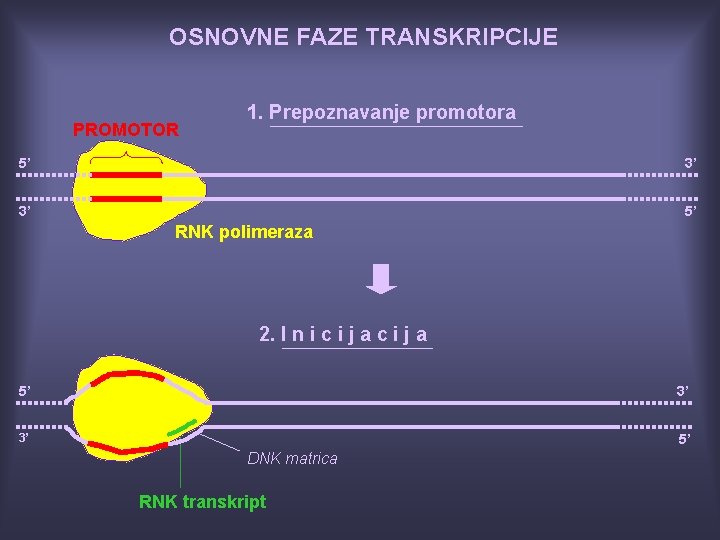 OSNOVNE FAZE TRANSKRIPCIJE PROMOTOR 1. Prepoznavanje promotora 5’ 3’ 3’ 5’ RNK polimeraza 2.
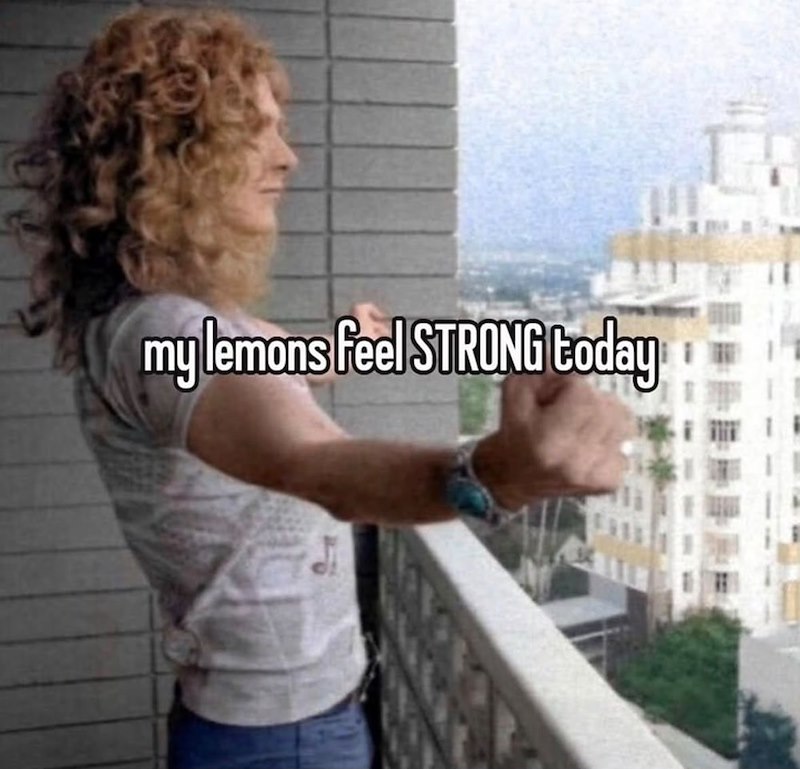 my lemons feel STRONG today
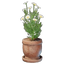 Chamomile Plant Pot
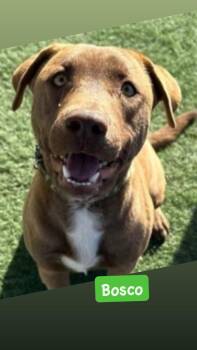 American Staffordshire Terrier Dogs Available for Adoption in San Diego, California - Bosco | PetCurious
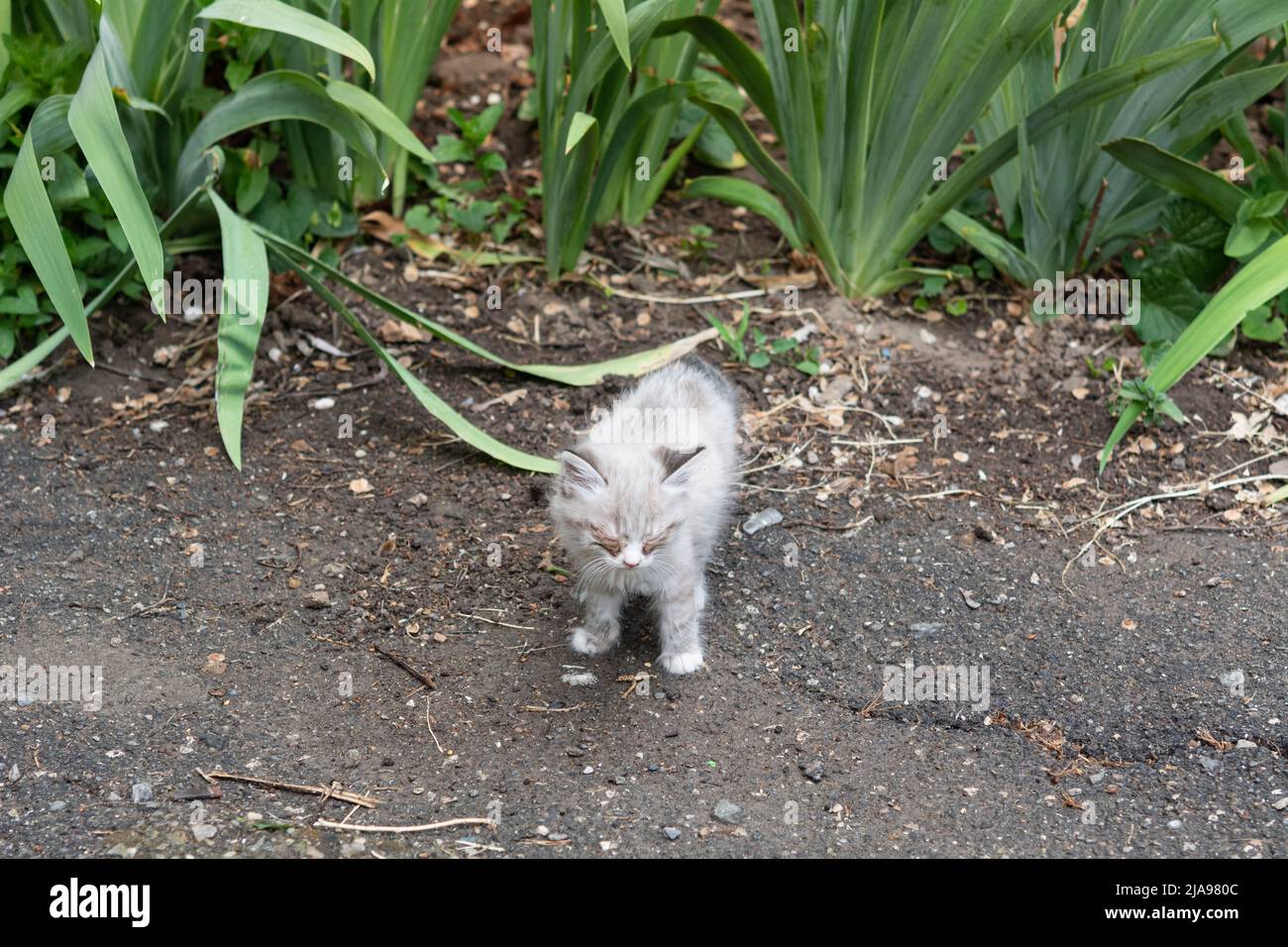 Kitten eye disease. Small gray and white kitten with eye disease. Kitten sits on the ground among the green grass Stock Photo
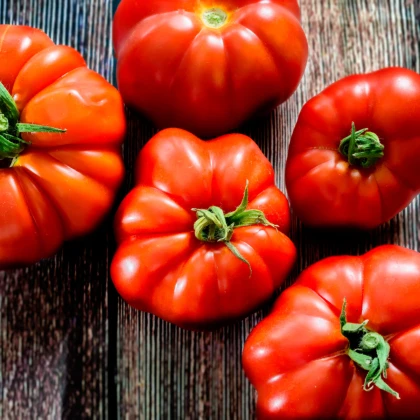 BIO Rajče Marmande - Solanum lycopersicum - bio semena rajčete - 15 ks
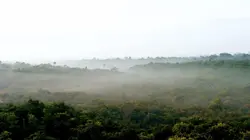 Visuel de Le mystère des rivières volantes d'Amazonie
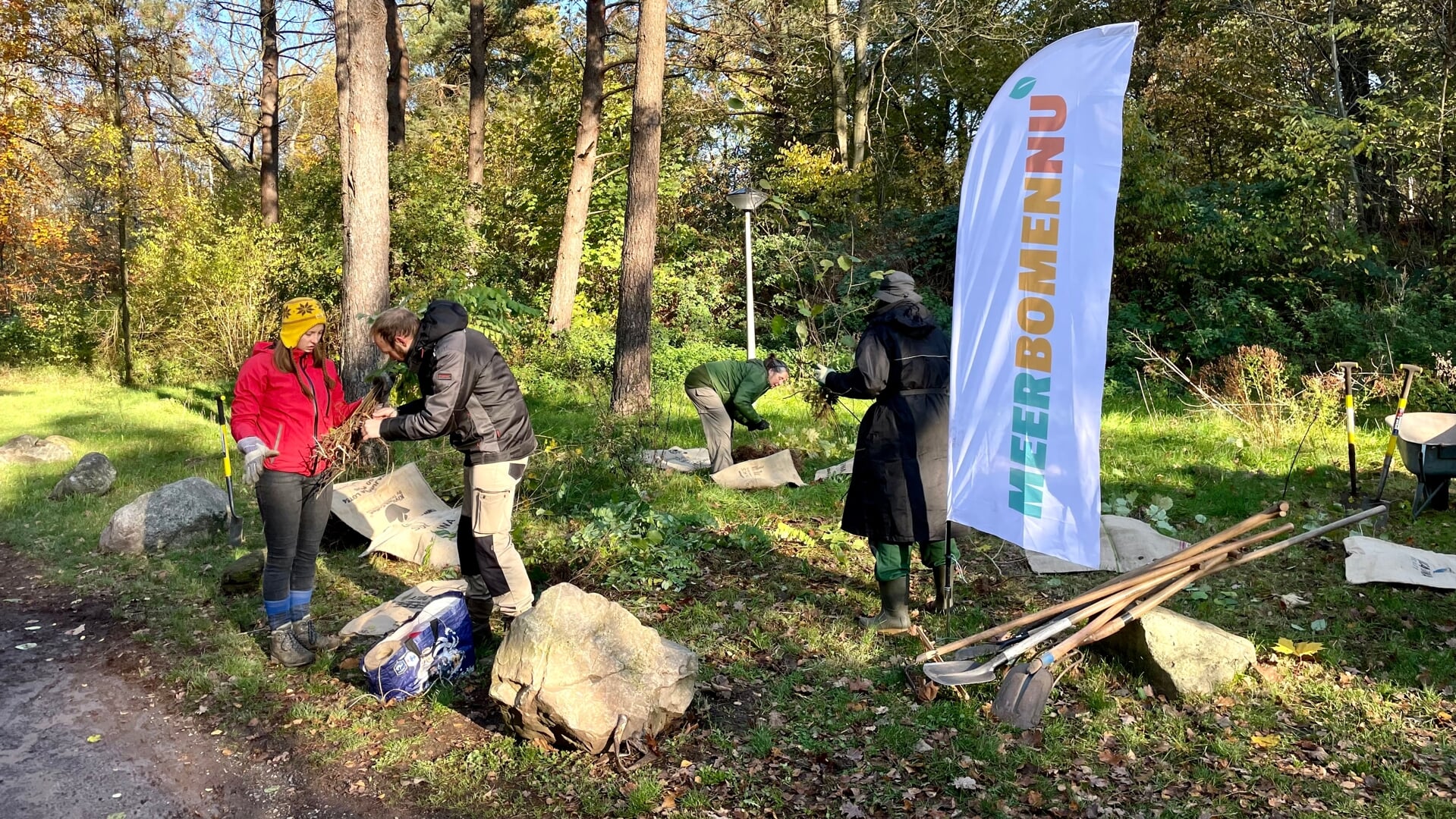 Oogsten bij Landal Landgoed 't Loo. Foto: MeerBomenNu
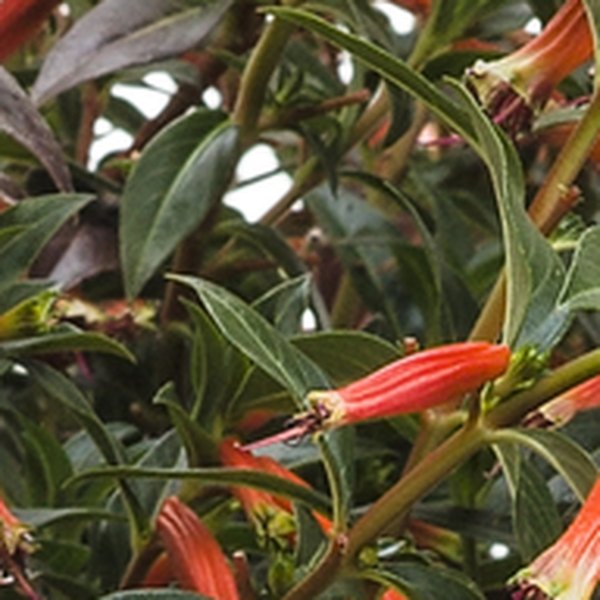 Cuphea and Euphorbia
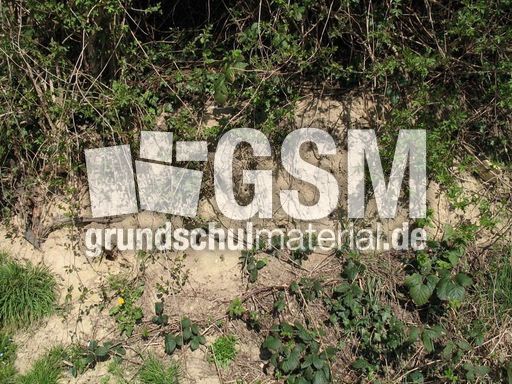 Weil am Rhein Weiler Weinweg 024.jpg
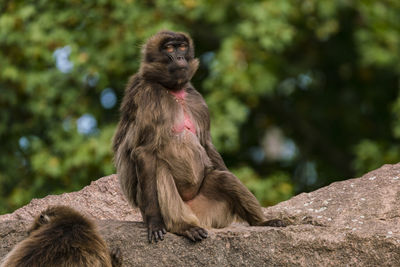 Monkey sitting on rock in zoo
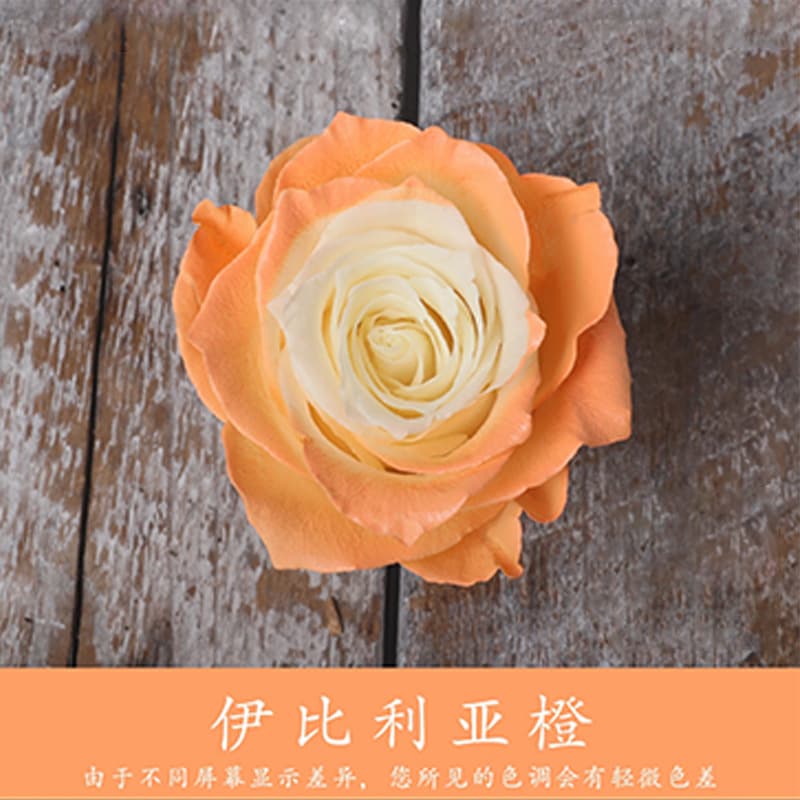 450ml Floral Spray Colorant Wholesale Quick-Dry Spray Paint Colorful Rose Dye Pearlescent Spray for Floral Arrangements and Flower Shops
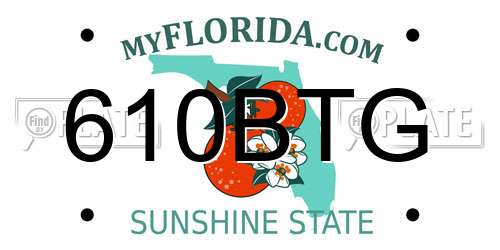 610BTG Florida License Plate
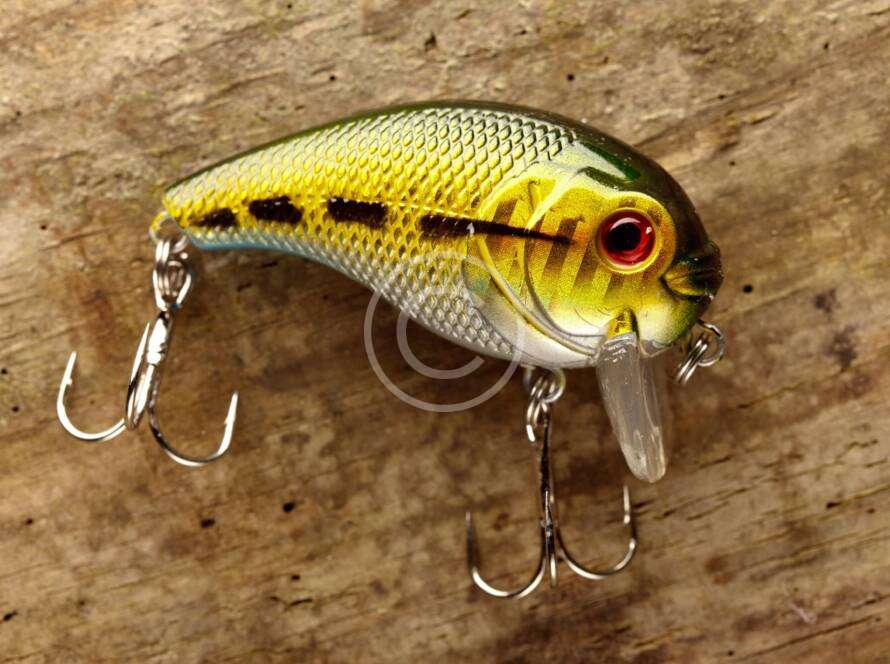Fishing tips for catching trophy bass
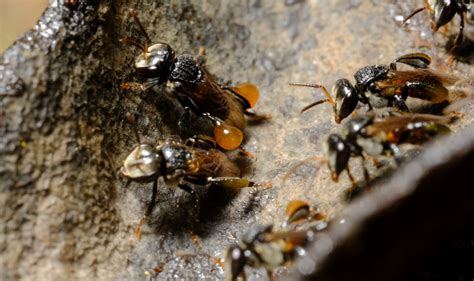 types of bees in philippines|(PDF) STINGLESS BEES IN PHILIPPINES .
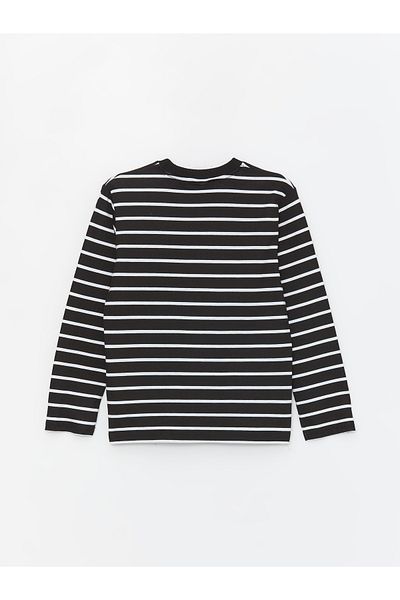 LC Waikiki Boy - Crew Neck Striped Long Sleeve T-Shirt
+===+
* Instructions to follow
The task calls for all records to be set down precisely, excluding any images.

* Result of the task
 OSNOVNE FAZE TRANSKRIPCIJE PROMOTOR 1. Prepoznavanje promotora 5’ 3’ 3’ 5’ RNK polimeraza 2.
 my lemons feel STRONG today
 Chamomile Plant Pot
 American Staffordshire Terrier Dogs Available for Adoption in San Diego, California - Bosco | PetCurious
 Kitten eye disease. Small gray and white kitten with eye disease. Kitten sits on the ground among the green grass Stock Photo
 BIO Rajče Marmande - Solanum lycopersicum - bio semena rajčete - 15 ks
 Visuel de Le mystère des rivières volantes d'Amazonie
 Oogsten bij Landal Landgoed 't Loo. Foto: MeerBomenNu
 Cuphea and Euphorbia
 Weil am Rhein Weiler Weinweg 024.jpg
 Monkey sitting on rock in zoo
 450ml Floral Spray Colorant Wholesale Quick-Dry Spray Paint Colorful Rose Dye Pearlescent Spray for Floral Arrangements and Flower Shops
 610BTG Florida License Plate
Fishing tips for catching trophy bass
 types of bees in philippines|(PDF) STINGLESS BEES IN PHILIPPINES .
 LC Waikiki Boy - Crew Neck Striped Long Sleeve T-Shirt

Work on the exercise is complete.